Restate the following entries exactly, including every line.

◆ **GIVEN ENTRIES**
__________________________________________________
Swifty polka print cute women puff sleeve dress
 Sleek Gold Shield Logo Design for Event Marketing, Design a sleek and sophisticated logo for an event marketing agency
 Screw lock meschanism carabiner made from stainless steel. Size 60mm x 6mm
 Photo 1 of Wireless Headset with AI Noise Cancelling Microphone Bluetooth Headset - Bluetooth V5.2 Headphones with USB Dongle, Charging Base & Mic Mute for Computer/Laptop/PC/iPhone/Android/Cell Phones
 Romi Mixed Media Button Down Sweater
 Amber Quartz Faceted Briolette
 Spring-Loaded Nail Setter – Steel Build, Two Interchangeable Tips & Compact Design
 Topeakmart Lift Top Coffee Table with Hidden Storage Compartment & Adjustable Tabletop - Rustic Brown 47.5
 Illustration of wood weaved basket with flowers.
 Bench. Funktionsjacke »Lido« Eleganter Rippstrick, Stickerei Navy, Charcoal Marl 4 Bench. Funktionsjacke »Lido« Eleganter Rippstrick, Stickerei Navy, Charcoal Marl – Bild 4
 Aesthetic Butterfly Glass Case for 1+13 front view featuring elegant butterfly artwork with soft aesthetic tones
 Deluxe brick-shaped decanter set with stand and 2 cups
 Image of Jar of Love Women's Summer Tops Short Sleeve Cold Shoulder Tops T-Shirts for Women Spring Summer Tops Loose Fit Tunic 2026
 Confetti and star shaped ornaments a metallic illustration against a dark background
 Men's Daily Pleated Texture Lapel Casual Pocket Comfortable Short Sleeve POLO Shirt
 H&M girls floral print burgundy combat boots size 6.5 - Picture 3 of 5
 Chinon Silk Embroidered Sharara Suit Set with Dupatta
__________________________________________________
◆ **EXERCISE OUTPUT**
Swifty polka print cute women puff sleeve dress
 Sleek Gold Shield Logo Design for Event Marketing, Design a sleek and sophisticated logo for an event marketing agency
 Screw lock meschanism carabiner made from stainless steel. Size 60mm x 6mm
 Photo 1 of Wireless Headset with AI Noise Cancelling Microphone Bluetooth Headset - Bluetooth V5.2 Headphones with USB Dongle, Charging Base & Mic Mute for Computer/Laptop/PC/iPhone/Android/Cell Phones
 Romi Mixed Media Button Down Sweater
 Amber Quartz Faceted Briolette
 Spring-Loaded Nail Setter – Steel Build, Two Interchangeable Tips & Compact Design
 Topeakmart Lift Top Coffee Table with Hidden Storage Compartment & Adjustable Tabletop - Rustic Brown 47.5
 Illustration of wood weaved basket with flowers.
 Bench. Funktionsjacke »Lido« Eleganter Rippstrick, Stickerei Navy, Charcoal Marl 4 Bench. Funktionsjacke »Lido« Eleganter Rippstrick, Stickerei Navy, Charcoal Marl – Bild 4
 Aesthetic Butterfly Glass Case for 1+13 front view featuring elegant butterfly artwork with soft aesthetic tones
 Deluxe brick-shaped decanter set with stand and 2 cups
 Image of Jar of Love Women's Summer Tops Short Sleeve Cold Shoulder Tops T-Shirts for Women Spring Summer Tops Loose Fit Tunic 2026
 Confetti and star shaped ornaments a metallic illustration against a dark background
 Men's Daily Pleated Texture Lapel Casual Pocket Comfortable Short Sleeve POLO Shirt
 H&M girls floral print burgundy combat boots size 6.5 - Picture 3 of 5
 Chinon Silk Embroidered Sharara Suit Set with Dupatta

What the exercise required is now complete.